Posted by Ray Barnes at 1:22:00 pm
Wednesday, 2 October 2013
Along with late butterflies my Buddlieas are playing host to a whole army of spiders.
For weeks now I have been feather duster armed evicting the wiry thin long-legged ones from the house but am being assailed on all sides by their horrid cousins.
On Monday this week the parish administrator leant over the back of the office sofa to put something behind it and retreated hastily, having seen a large black beast lurking in a box.
Yelling for the caretaker (and she can yell), she and I, left the office at speed.
A few minutes later, another volunteer braver than either of us, had picked up the box and dropped its inhabitant outside in the churchyard.
This morning at the bus stop, it was drizzling so I was well under its roof until I suddenly found an absailing arachnid in front of my face. Luckily the bus came so I beat a hasty retreat, shuddering.
Half way through the morning, there was a yell from the bookkeepers office upstairs and she ran down the stairs closing her office door first and also shouting for the caretaker.
By the time he had made his unhurried appearance there was no sign of the invader and we all spent the remainder of the morning looking nervously around before touching anything.
Since it is Harvest Festival this coming Sunday and we are slowly gathering a mountain of donated goodies in the office in preparation for displaying them at the service, I am treading very warily around bags and boxes only too aware that their contents may contain the odd surprise.
What is it about this season that produces the desire for confrontation in the (hearts?) of this eight-legged brigade of nasties?
Why can't they just go about their arachnid affairs without the need for face-to-face tactics?
Why am I such a wimp?
Posted by Ray Barnes at 4:38:00 pm
Sunday, 29 September 2013
It was a really beautiful day, the sort of day I feel should always mark this very important Saints Day.
The sun was too warm and inviting to ignore so I set about cutting back some of the Hibiscus and Buddleia (avoiding that which was still blooming).
I became aware after a few minutes that there was a collared dove sitting a couple of feet from me on a Buddleia stump, quietly eyeing my activities without fear or any apparent desire to fly.
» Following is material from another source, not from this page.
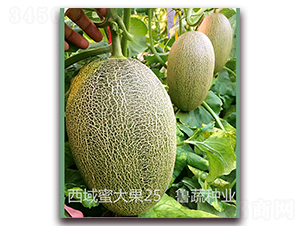 �����۴��25-��ϷN��-���߷N�I(y��)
So I went back into the house and collected my camera, sure that he would take off in a panic.
To my amazement he just sat there and let me get quite close before closing his eyes and settling down for a snooze.
When I had had enough and needed my coffee - around 1.30pm - he was still sitting there but flew off as I shut the back door.
The picture is not all that good but it is possible to see that my Michaelmas visitor was very relaxed.